Epílogo
Um sorriso.
O recobrar da minha consciência acompanha o nascer do sol. A palidez cinza da manhã que escapa pelas persianas me chama. Logo são os passarinhos. Eles amam esta nação.
E é com um sorriso que desperto. Leve, impensado, acidental. Inesperado. Jamais pensei que seria possível despertar e não desejar morrer. Acordar e não sentir dor. Sem preocupações.
Apenas grandes expectativas.
Sequer sobressalto quando vejo o rapaz sentado na beirada do meu leito, os antebraços apoiados sobre os joelhos, os ombros relaxados, uma xícara fumegante de café em suas mãos e olhos brilhantes no rosto.
— Bom dia — cantarolo com um gemido prazeroso, enquanto arrisco alongar todo o meu corpo de uma só vez. — Isso nem é assustador. Acordar com alguém me observando — gracejo.
— Achei que apreciaria começar seu dia com uma xícara de café. — Ele me estende o recipiente.
Pisco os olhos sonolentos e me assento na cama, arrastando comigo o lençol sedoso à medida que curvo as pernas e deposito os pés sobre o colchão, enquanto balanço a cabeça preguiçosamente em concordância. Aspiro o aroma dos grãos torrados e me delicio em antecipação. O primeiro gole é sempre o meu favorito.

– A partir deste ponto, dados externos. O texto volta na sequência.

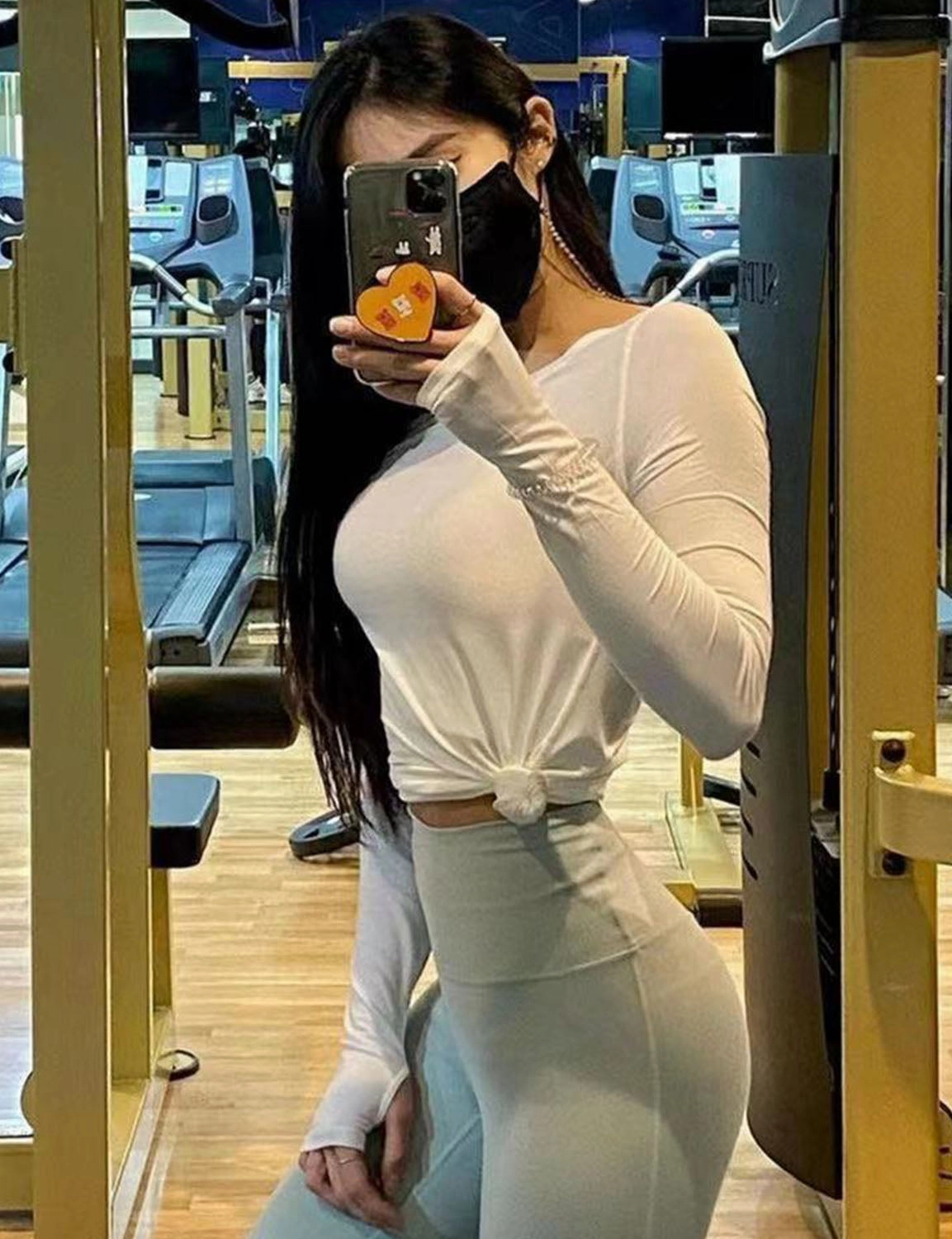 Athlete Long Sleeve Tops white ins_Plus Size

— Você tem sorte — digo num tom brincalhão, após engolir uma porção generosa. — Quem sabe, talvez, você não me encontrasse na minha cama esta noite.
Ele cora, constrangido, como um menino, e vejo em seu olhar a pergunta: na cama de quem estaria?

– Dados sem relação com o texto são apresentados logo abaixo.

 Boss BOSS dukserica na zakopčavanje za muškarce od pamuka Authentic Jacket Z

Simplesmente ignoro a questão e deixo o mistério pairar.
— Qual é a ocasião? — pergunto, casualmente, limpando eventuais vestígios da bebida no lábio superior com a língua.

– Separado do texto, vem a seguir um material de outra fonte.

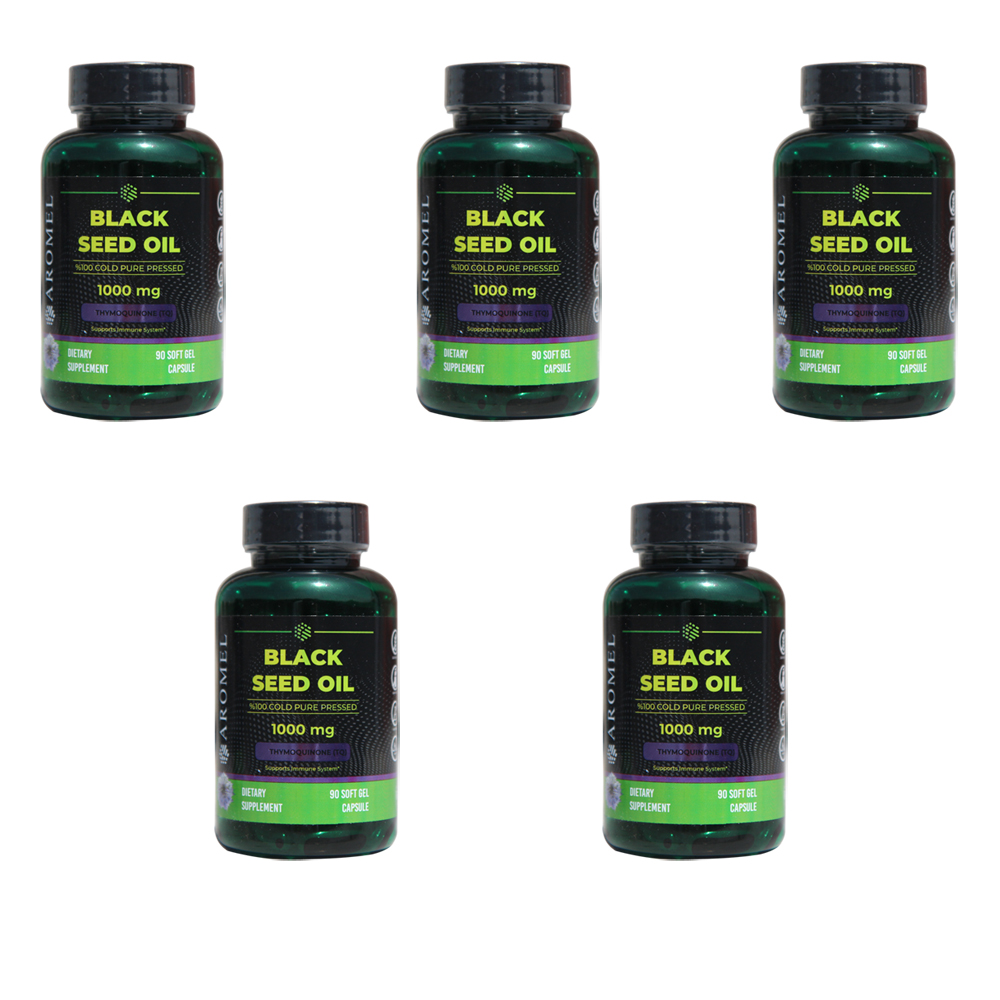 터키산 <b>블랙</b>커민<b>씨드오일</b> 냉압착 90 캡슐 5병 티모퀴논 <b>Black</b> Cumin 큐민 니겔라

— Seu aniversário, oras — o garoto diz, em tom de surpresa. — Um ano, esqueceu?
Ergo as sobrancelhas e olho para a janela coberta por persianas artesanais, sem realmente enxergá-la.
— Um ano? — Estou realmente surpresa.
O tempo é tão volátil. Em todos os aspectos, ainda me parece que foi ontem que conquistei a cidadania. Nestes mesmos aspectos, parece que foi há uma vida.
Raah se arrasta e senta-se próximo ao ponto onde meus pés estão escondidos sob o lençol. Ele estende a mão e, imediatamente, retribuo o gesto. Então, ele a ergue a seus lábios e a beija.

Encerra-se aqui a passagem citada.